All of the data should be reproduced word for word, though its pictures must be omitted.

Stored records:

* * * * * * * * *

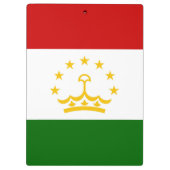 Flagge Tadschikistans Klemmbrett (Rückseite)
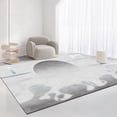 thumbnail image 4 of La Alfombra de La Sala de Estar Es Geométricamente Buena para Uso Doméstico. El Dormitorio Está Cubierto con Tapetes y La Alfombra de La Mesita de Noche Se Usa Como Tapete., 4 of 4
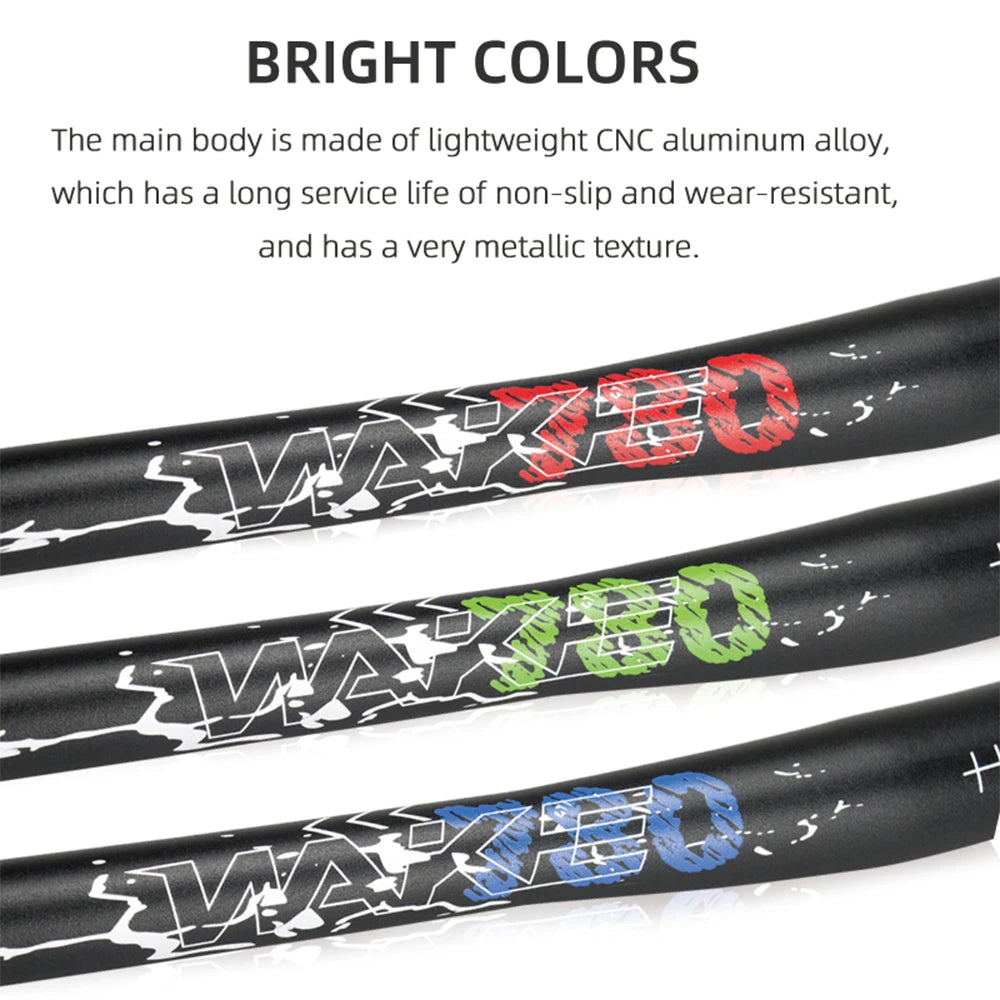 Mountain Bike Handlebars 31.8MM Diameter High-Rise Handlebar with Matte Surface 720MM 780MM Length Aluminum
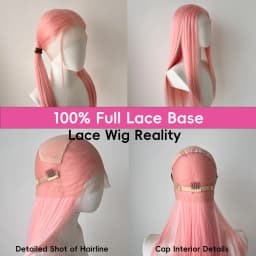 Full Lace Wig 22" Platinum Blonde Synthetic Hair White Silver Blonde Glueless Cosplay Festival Party Wigs Unisex HandTied Heat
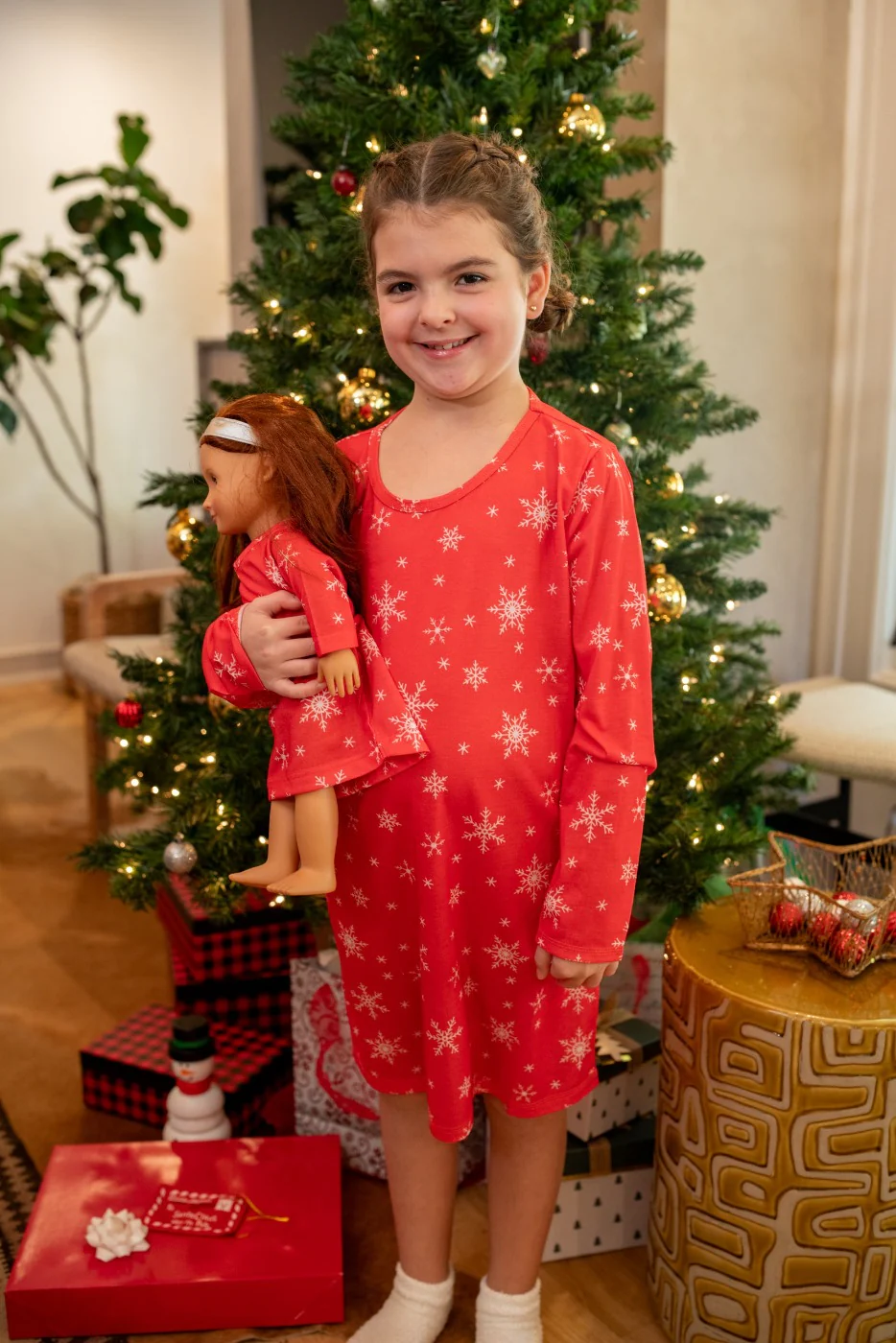 Matching Girl & Doll Nightgowns - Image 9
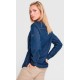 Camisa Vaquera de Mujer con trabilla ajustable. 98% alg. 2% elas. 210 g/m²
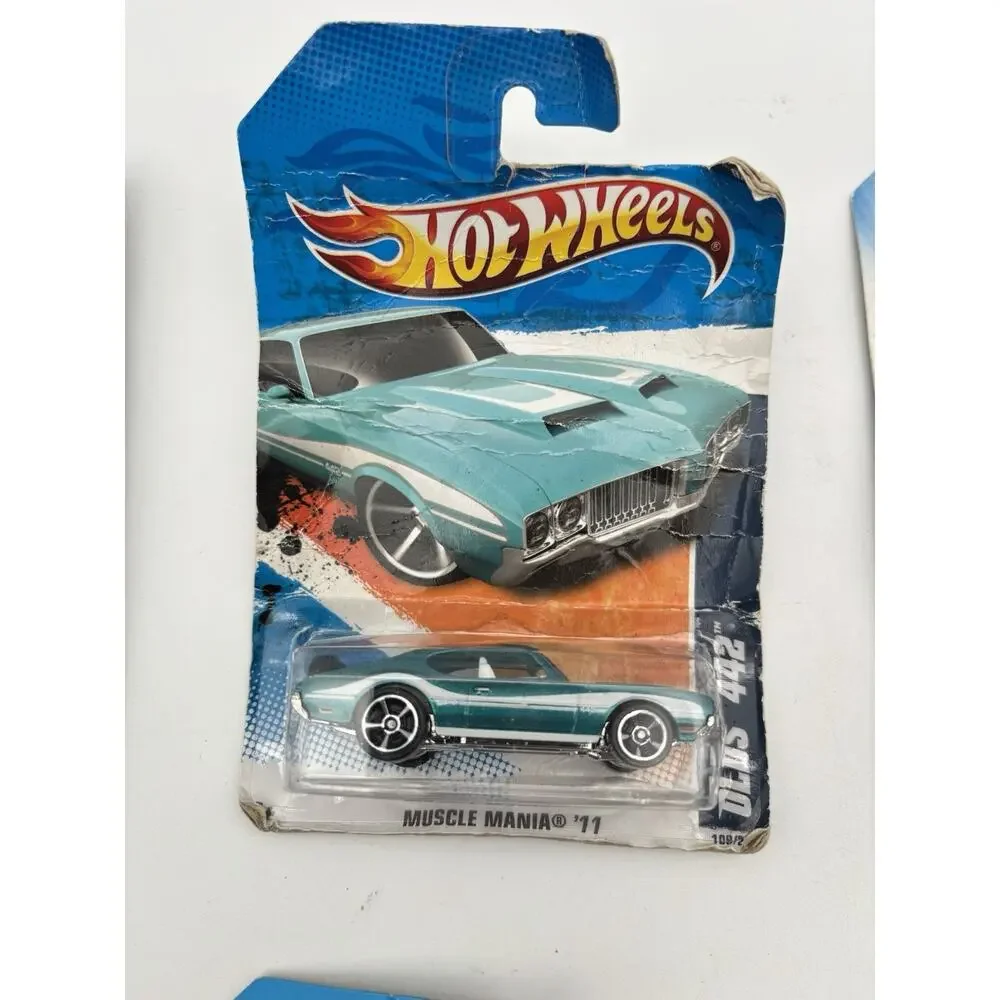 Lot of 9 Hot Wheels 2007-2013 Diecast Cars New Sealed Card Damage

* * * * * * * * *

» Written answer:
 Flagge Tadschikistans Klemmbrett (Rückseite)
 thumbnail image 4 of La Alfombra de La Sala de Estar Es Geométricamente Buena para Uso Doméstico. El Dormitorio Está Cubierto con Tapetes y La Alfombra de La Mesita de Noche Se Usa Como Tapete., 4 of 4
 Mountain Bike Handlebars 31.8MM Diameter High-Rise Handlebar with Matte Surface 720MM 780MM Length Aluminum
 Full Lace Wig 22" Platinum Blonde Synthetic Hair White Silver Blonde Glueless Cosplay Festival Party Wigs Unisex HandTied Heat
 Matching Girl & Doll Nightgowns - Image 9
 Camisa Vaquera de Mujer con trabilla ajustable. 98% alg. 2% elas. 210 g/m²
 Lot of 9 Hot Wheels 2007-2013 Diecast Cars New Sealed Card Damage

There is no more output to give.